Lincoln
Project type: Residential – Additions and Alterations, Heritage
Year: 2024
Status: Schematic Design Completed
Construction to begin in 2025
The owners of this late 1800s Police Cottage wanted to update the house with an extension at the rear to meet the lifestyle requirements of contemporary family living. This house is on the council’s heritage inventory with the front streetscape and original front four rooms being protected from development. The original kitchen and bathroom were incredibly pokey, and the Clients had no means for entertaining guests, which was important to them as avid food and wine people.
The extension to the rear brings much needed amenity with a new generously sized kitchen and dining space, with a hidden laundry/powder and a scullery.

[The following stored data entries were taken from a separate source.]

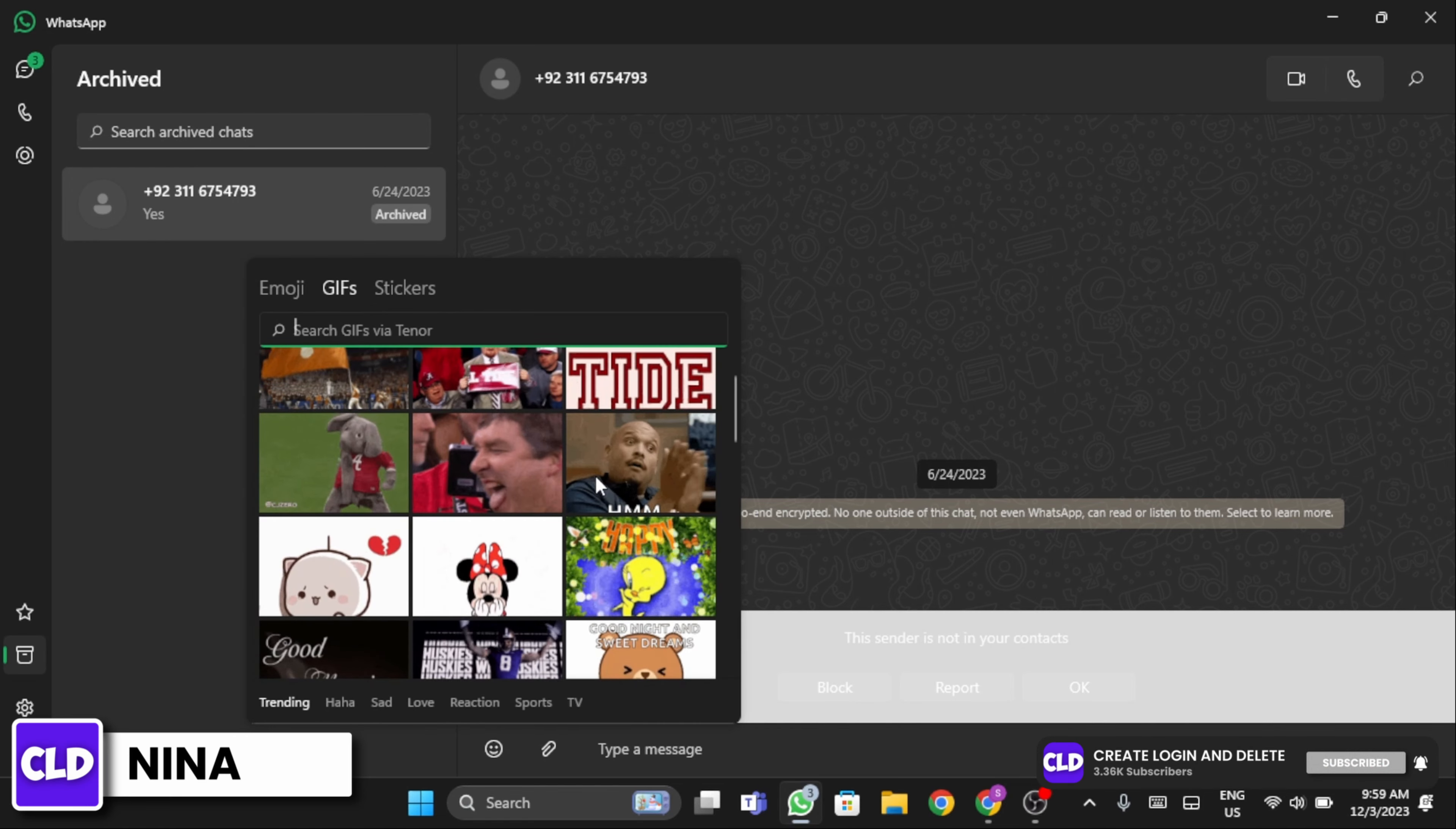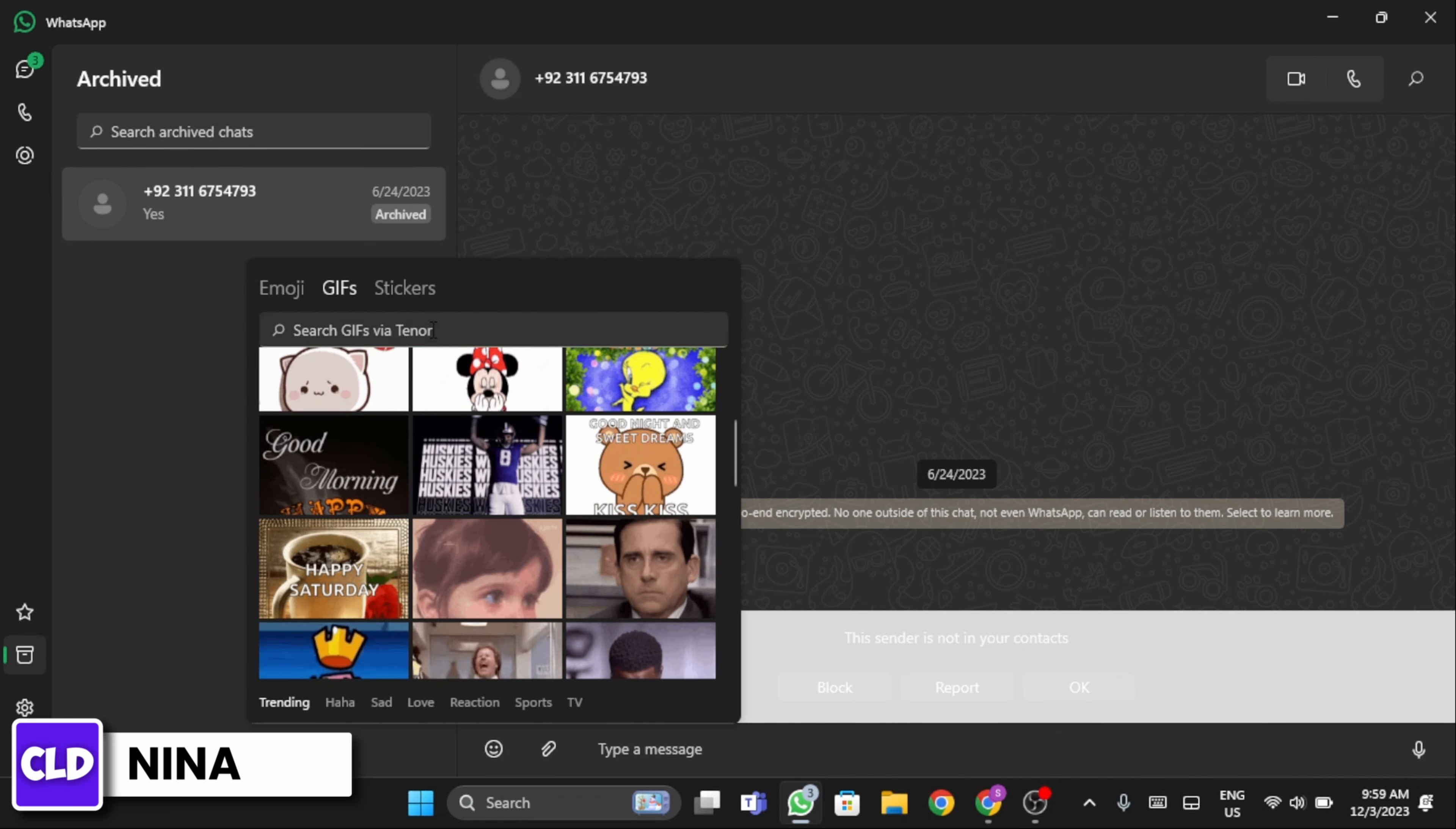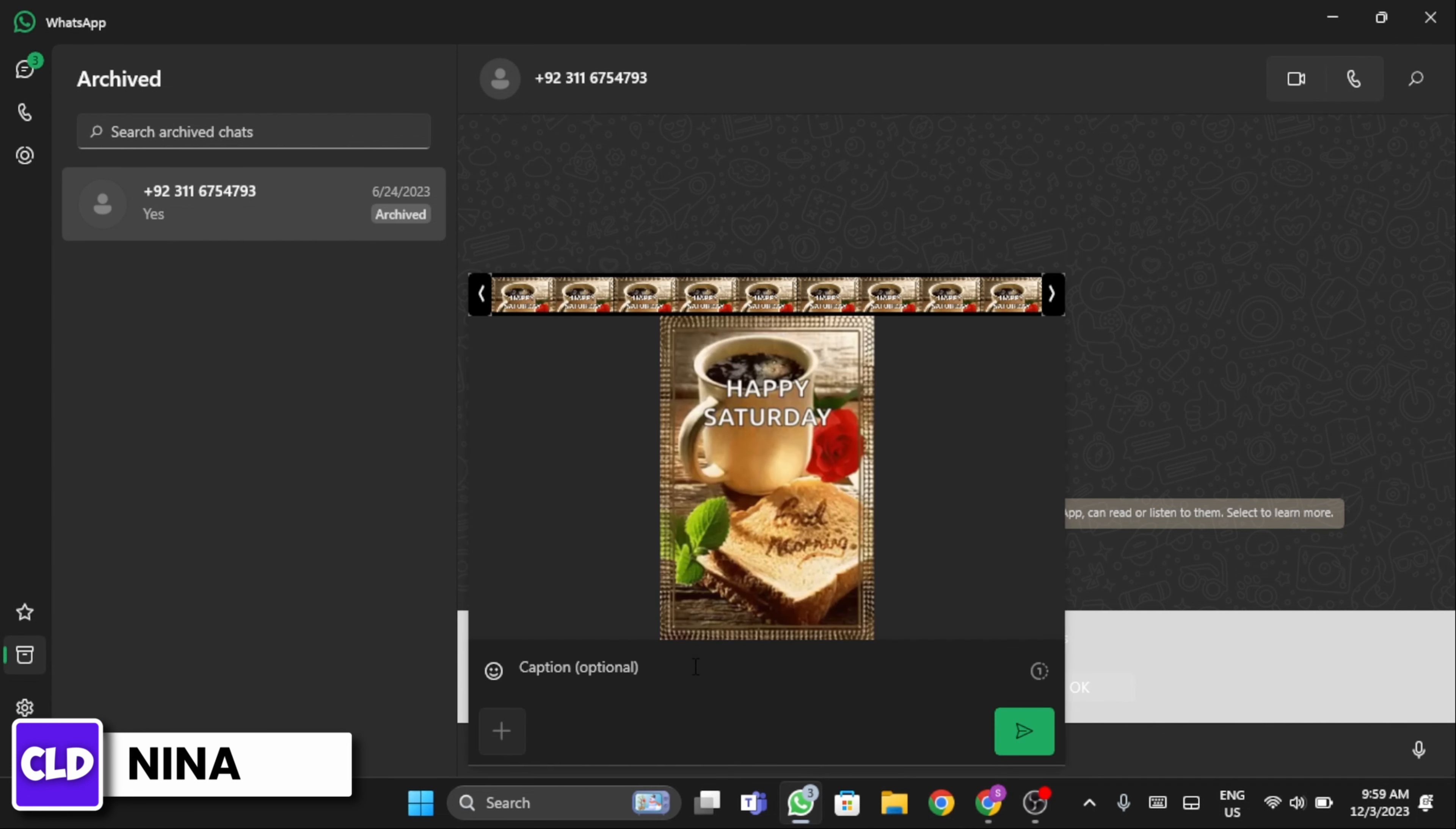From here, you can either choose any of these or search for a particular GIF. Once done, this is how it will appear to your recipient.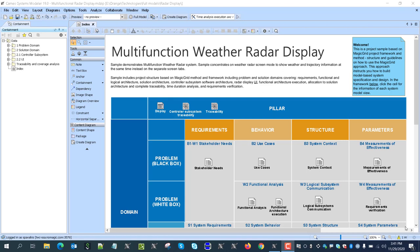Hello, here in this video we'll do a quick overview of this multifunctional weather radar display sample. We'll go through the magic grid method and framework, the structure and the steps, how the sample is representing the system from the problem to solution and to the architecture of the software controller software. We'll also go to the analysis part where I will demonstrate a couple of analyses done with the model simulation.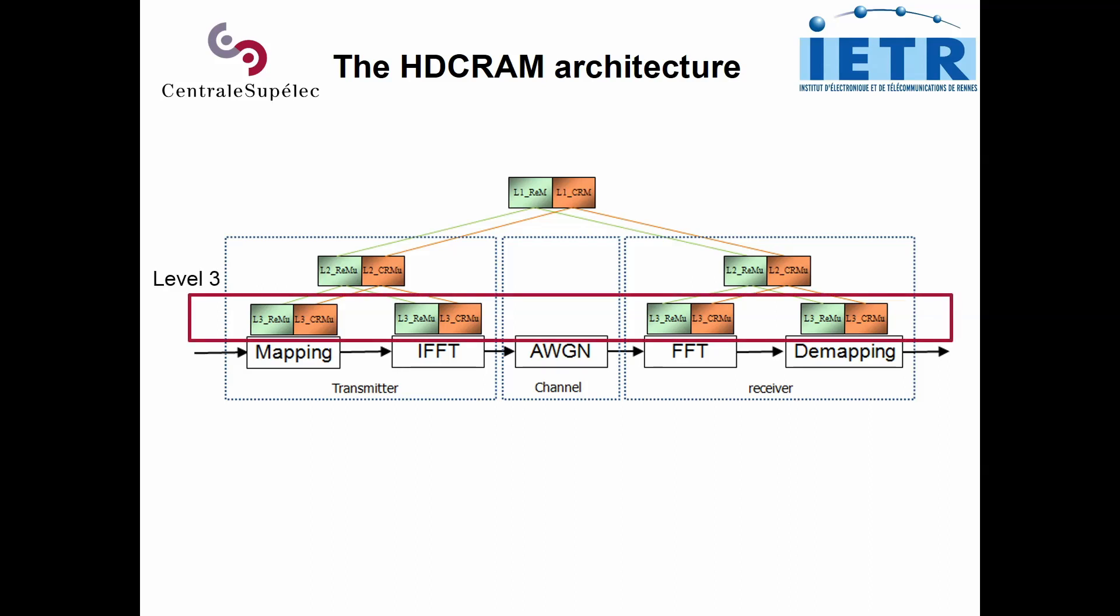At level 3, we have several management units which are linked to the radio operator. We have a first level of abstraction at level 2. At this level, you have several management units which are used to make decisions which concern several radio operators.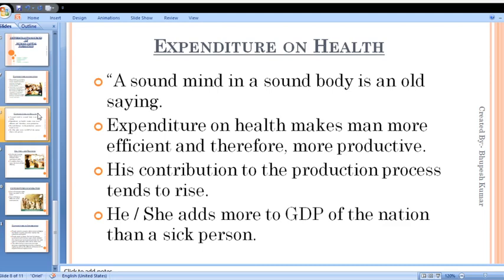There is a well-known phrase: 'a sound mind in a sound body' — a healthy mind resides in a healthy body. A healthy person has better working efficiency and effectiveness as compared to a sick person.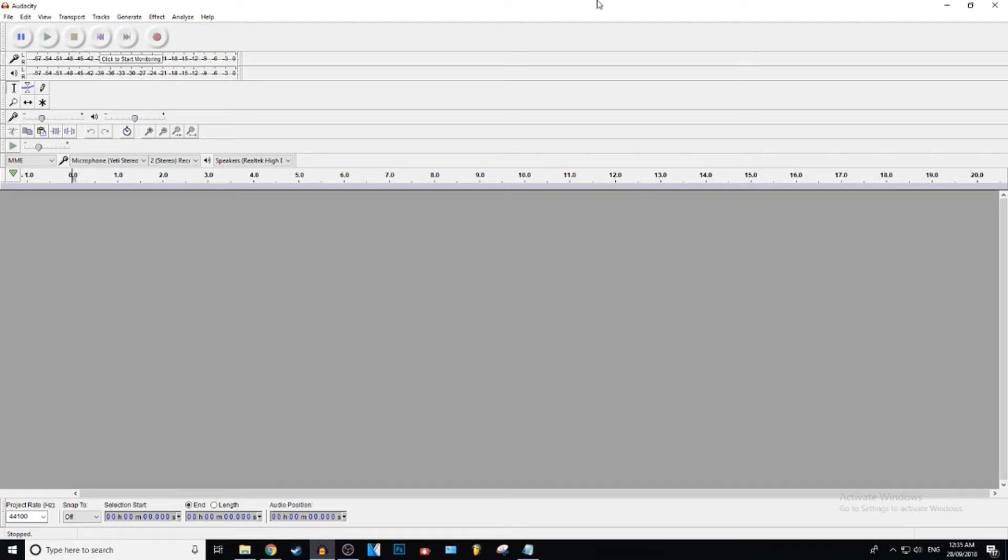What is up everybody, Gistic here and today I'm going to be showing you guys how to fade in and fade out your audio in Audacity. Let's get into it.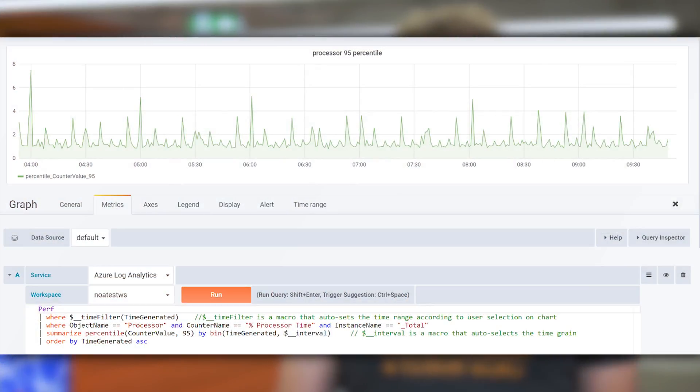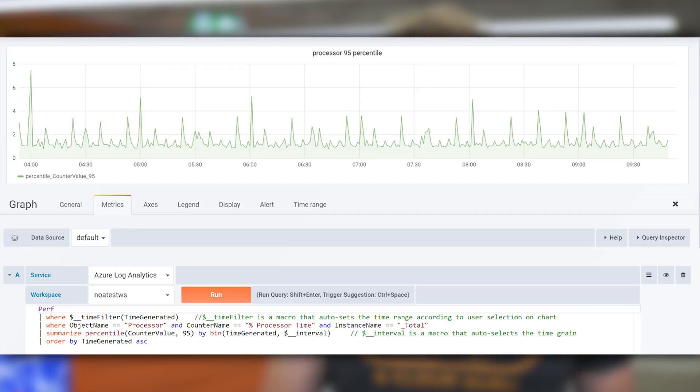Grafana also has integration with Azure Monitor Logs, which means you can get pretty Grafana graphs to show your monitoring data stored in Azure logs. This is done through a new Log Analytics plugin created by the Azure team in collaboration with Grafana. The new plugin allows you to display any data available in Log Analytics, such as logs related to virtual machine performance, security, Azure Active Directory, and many other log types, including custom logs.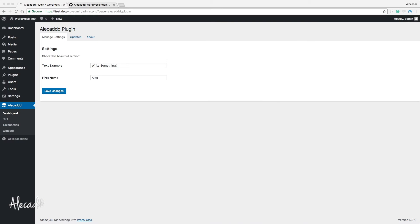Hey, what's up guys, Alex here. Thank you for checking this video and welcome to episode number 19 of the series of tutorials on how to build a WordPress plugin from scratch. In this tutorial we're gonna take a look at how to automatically activate and deactivate some specific sections through checkboxes or UI switches in our administration area.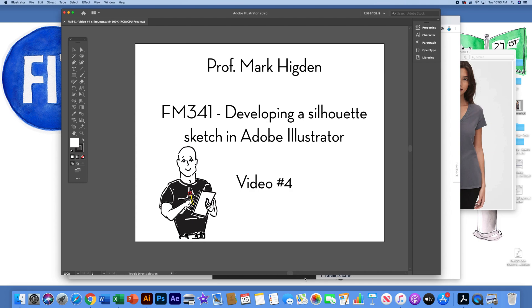This video is for FM 341 and it will walk you through how to develop a silhouette sketch using Adobe Illustrator and working with an image from the internet.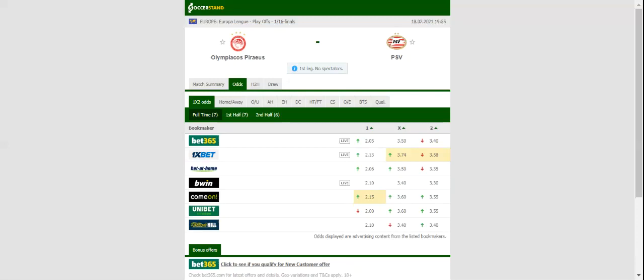PSV on the other hand dropped two points in a 2-2 draw with Den Haag at the weekend. The Dutch side continues with their habit of producing much better showings at home than on the travels. Given Olympiakos' home record in European competitions, we believe that there is big value in betting on the Greeks.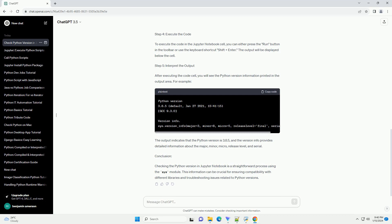Step 2: Create a New Notebook or Open an Existing One. In the Jupyter Notebook interface, you can create a new notebook by clicking on the New button and selecting Python 3, or any other available Python kernel. Alternatively, you can open an existing notebook.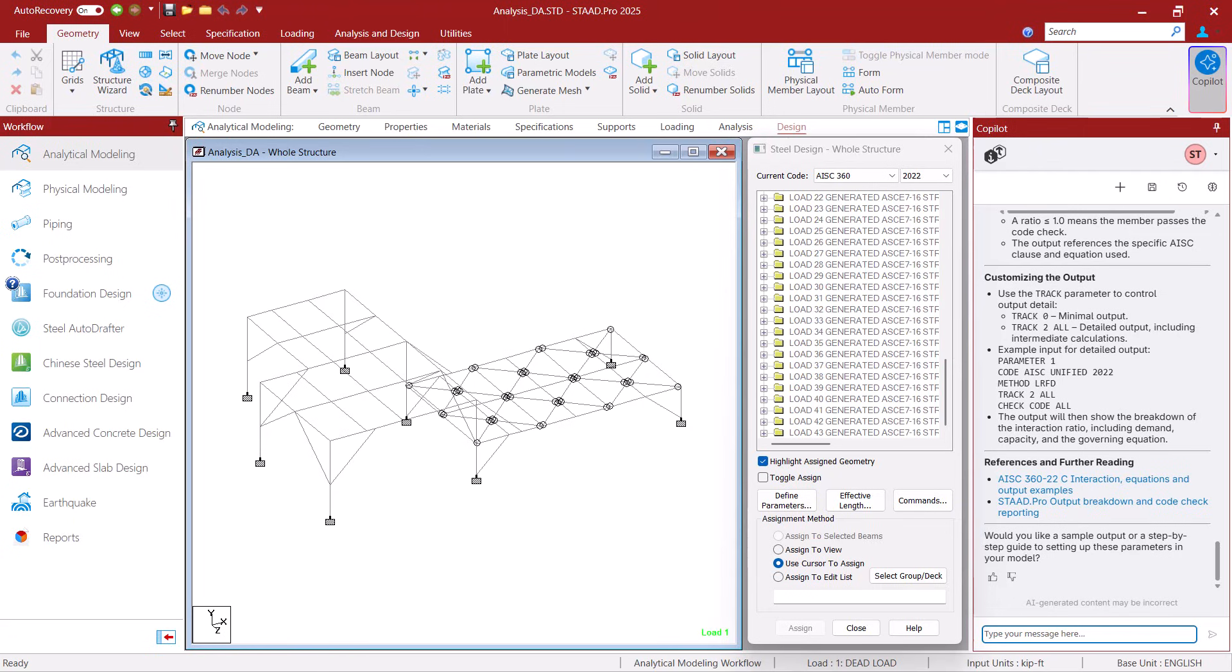And that's it. That's how we can utilize co-pilot to quickly find answers within our STAD Pro workflow. Thank you for watching and we hope you enjoy this new feature.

The existing kitchen has then been transformed into a home office and the existing bathroom updated to increase in size and allow for a bathtub.
As the block is small, the new extension had to balance internal function with outdoor garden space. The extension is orientated and located to maximize northern light and connection to the existing green space on the east side. Stacking windows link the internal booth to a brick bench externally on the grassed area, and a banquet of doors at the rear open the house up for ventilation and sunlight.
The proposed material palette balances the Clients desire for a building that looks like it has always been there, with the councils desire for something that does not falsely imitate the existing heritage façade. The response therefore is a contemporary and simple form, with similar materials of red brick and white weatherboard. The weatherboard gives a fresh look to the existing houses rear wall and wraps around the laundry to meet the brick mass around the kitchen and dining spaces.
Conceptually the existing arches within the original home create an extruded archway void that becomes a spine throughout the whole house and into the new kitchen area. This is then reinforced with the corridor doors all being arches and lastly in the kitchen’s high ceiling composed of large downturn curves to create a uniquely sculptural experience.